First, install the accelerate
, bitsandbytes
, transformers
, Pillow
, and modelbit
packages:
!pip install accelerate bitsandbytes transformers Pillow modelbit
Import your dependencies:
from transformers import AutoProcessor, LlavaForConditionalGeneration
from huggingface_hub import snapshot_download
from PIL import Image
import requests
import bitsandbytes
import accelerate
import modelbit
And log into Modelbit:
mb = modelbit.login()
Finally, download the LLaVa weights from HuggingFace:
snapshot_download(repo_id="llava-hf/llava-1.5-7b-hf", local_dir="/content/llava-hf")

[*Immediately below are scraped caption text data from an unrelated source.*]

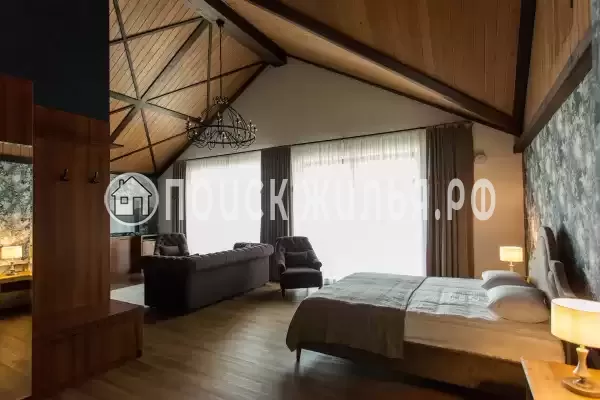 База отдыха «Бородинское»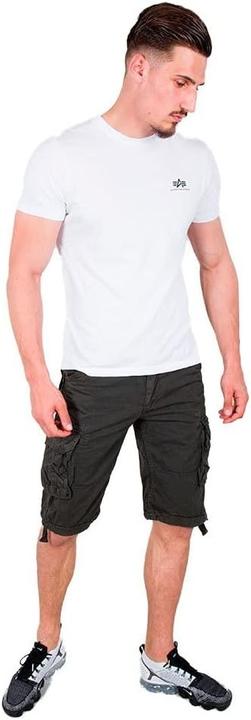 Image du produit Alpha Industries Jet Shorts - 81739 (32)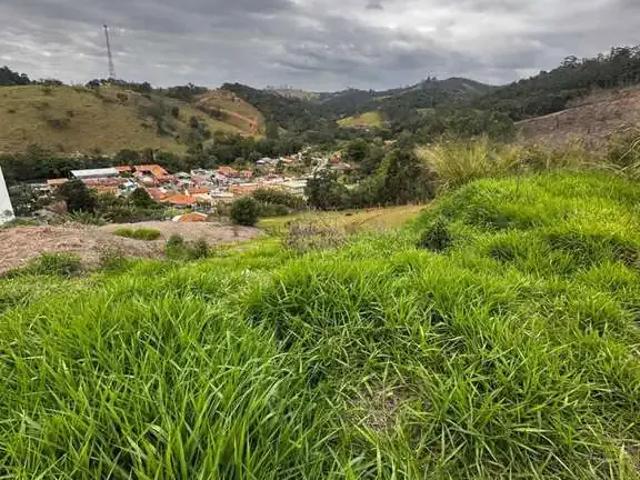 Terreno / Lote para Venda em Nazaré Paulista/SP Mascate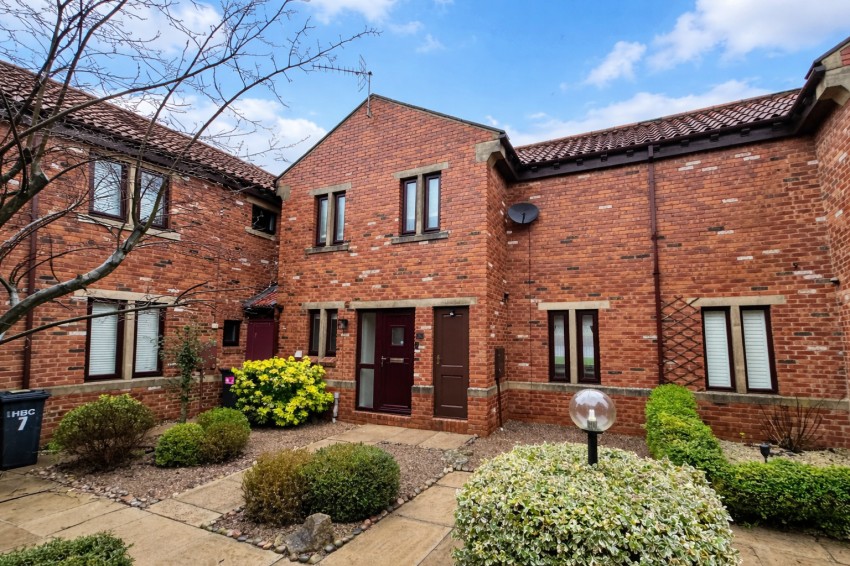 Images for Goldsborough ~ Avenue House Court, Knaresborough, HG5 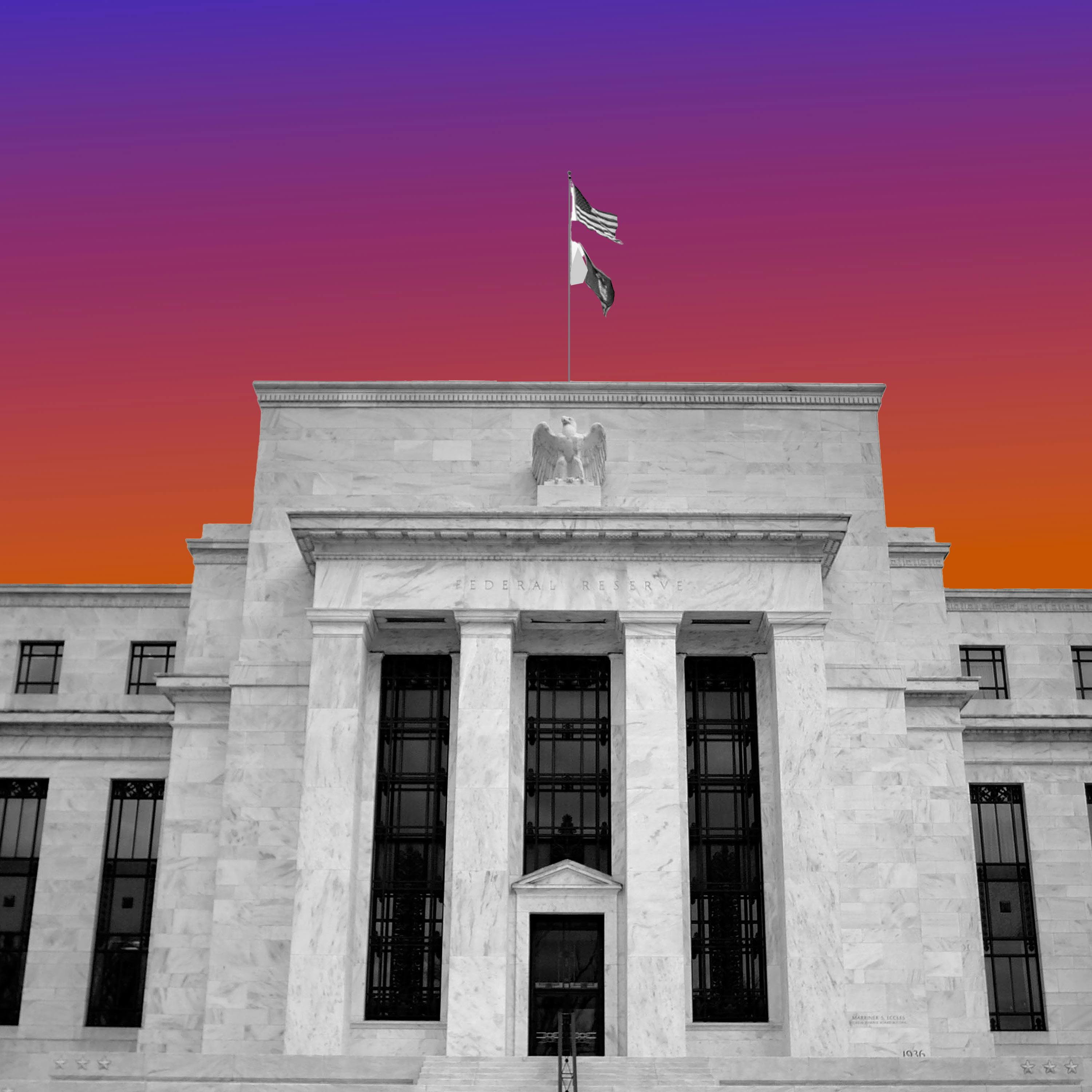 What Next | Daily News and Analysis - Trump’s Getting His Economy. Yikes.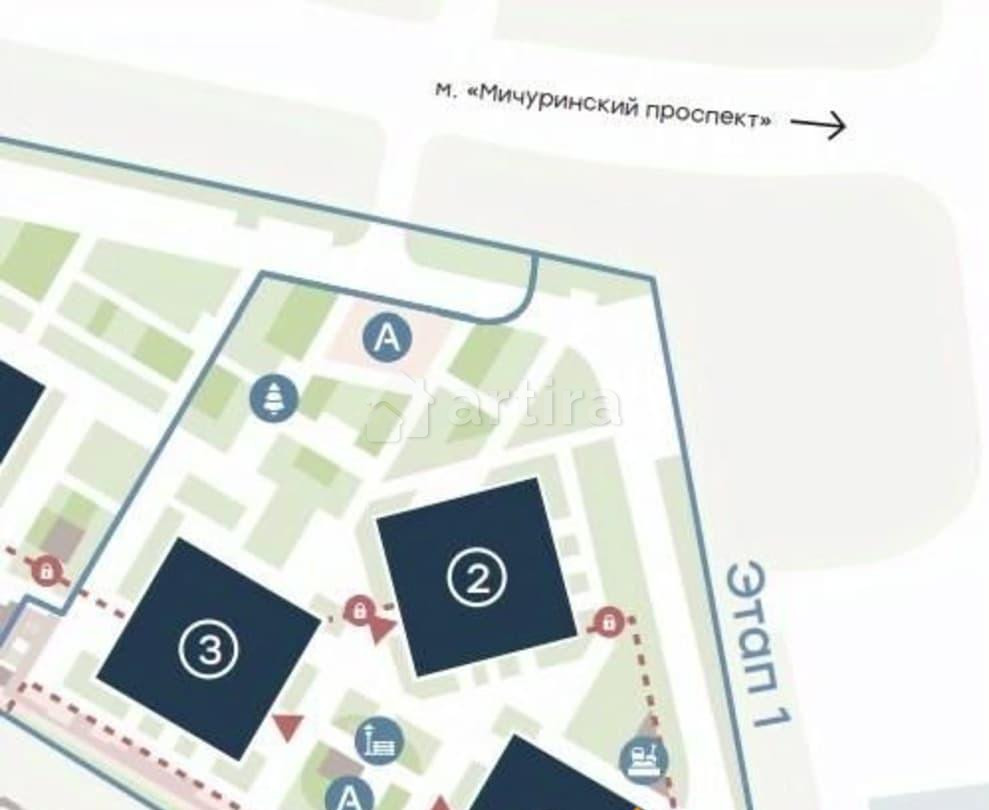 Гараж, 14 м2 Москва - изображение 5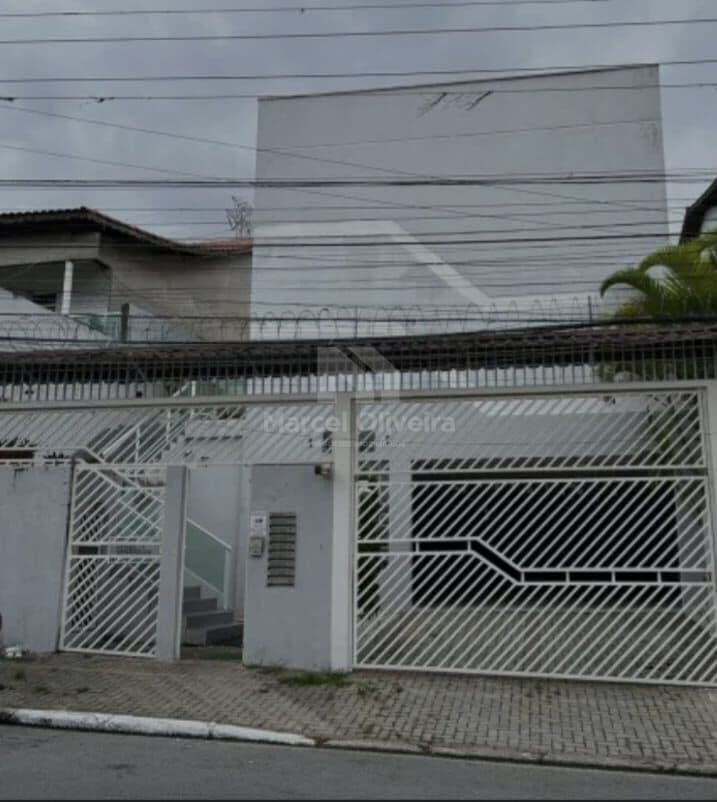 Casa de Condomínio em São Paulo - Parque Boturussu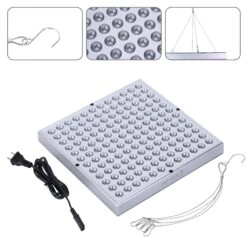 Brite Labs - Gaze Grow Light 16 Brite Labs - Gaze Grow Light -House Plant Shop brite labs gaze 10 x 10 main 2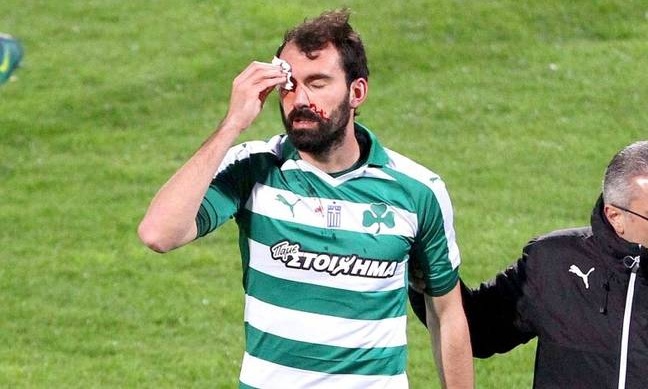 Παναθηναϊκός-Ολυμπιακός: Θα προλάβει ο Κουτρουμπής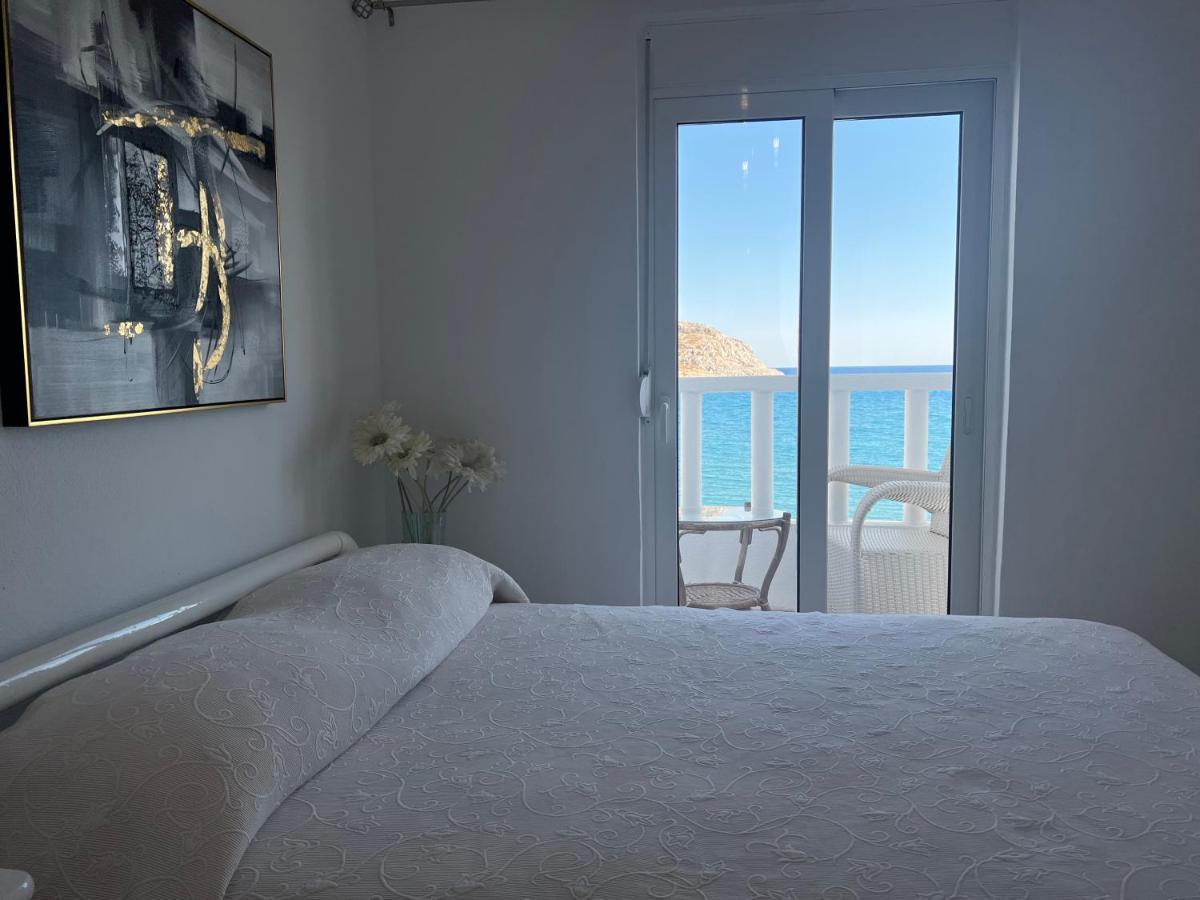 Villa Blanca Haraki Ngoại thất bức ảnh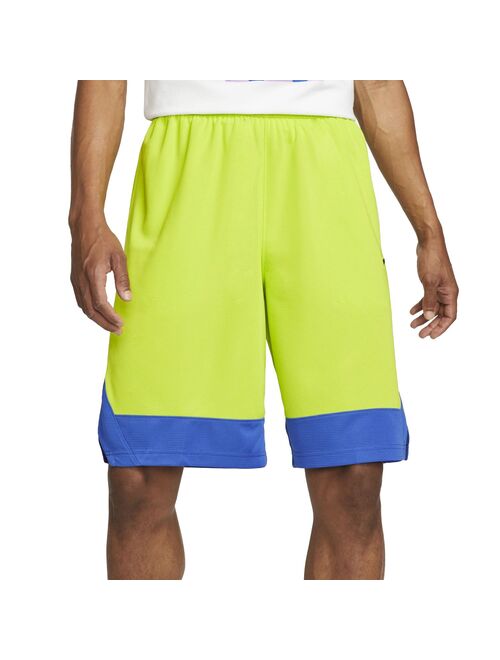 Men's Nike Dri-FIT Icon Basketball Shorts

Building the model and performing an inference
First we'll load the model using modelbit.setup
:
with modelbit.setup(name="load_model"):
model = LlavaForConditionalGeneration.from_pretrained("./llava-hf",
local_files_only=True,
load_in_8bit=True)
processor = AutoProcessor.from_pretrained("./llava-hf", local_files_only=True, load_in_8bit=True)
Note load_in_8bit=True
, which quantizes the model to fit in VRAM in a T4 GPU.
Next we'll write our function that prompts the model and returns the result:
def prompt_llava(url: str, prompt: str):
image = Image.open(requests.get(url, stream=True).raw)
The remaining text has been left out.